Adaptive Designs of Experiments for Accurate Approximation of a Target Region
Résumé
Author(s): Victor Picheny, Postdoctorate Researcher Department of Applied Mathematics and Systems, Ecole Centrale Paris, Chatenay-Malabry 92295, France David Ginsbourger, Research Assistant Professor Institute of Mathematical Statistics and Actuarial Science, University of Bern, Bern, CH-3012 Bern, Switzerland Olivier Roustant, Assistant Professor Ecole des Mines de St Etienne, Saint Etienne 42023, France Raphael T. Haftka, Distinguished Professor and Nam-Ho Kim, Associate Professor Department of Mechanical and Aerospace Engineering, University of Florida, Gainesville, FL 32611 This paper addresses the issue of designing experiments for a metamodel that needs to be accurate for a certain level of the response value. Such a situation is common in constrained optimization and reliability analysis. Here, we propose an adaptive strategy to build designs of experiments that is based on an explicit trade-off between reduction in global uncertainty and exploration of regions of interest.
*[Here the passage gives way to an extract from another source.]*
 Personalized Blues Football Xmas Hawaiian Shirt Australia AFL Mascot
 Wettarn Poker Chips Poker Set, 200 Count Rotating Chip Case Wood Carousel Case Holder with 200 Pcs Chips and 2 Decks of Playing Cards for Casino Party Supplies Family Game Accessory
A modified version of the classical integrated mean square error criterion is used that weights the prediction variance with the expected proximity to the target level of response. The method is illustrated by two simple examples. It is shown that a substantial reduction in error can be achieved in the target regions with reasonable loss of global accuracy. The method is finally applied to a reliability analysis problem; it is found that the adaptive designs significantly outperform classical space-filling designs.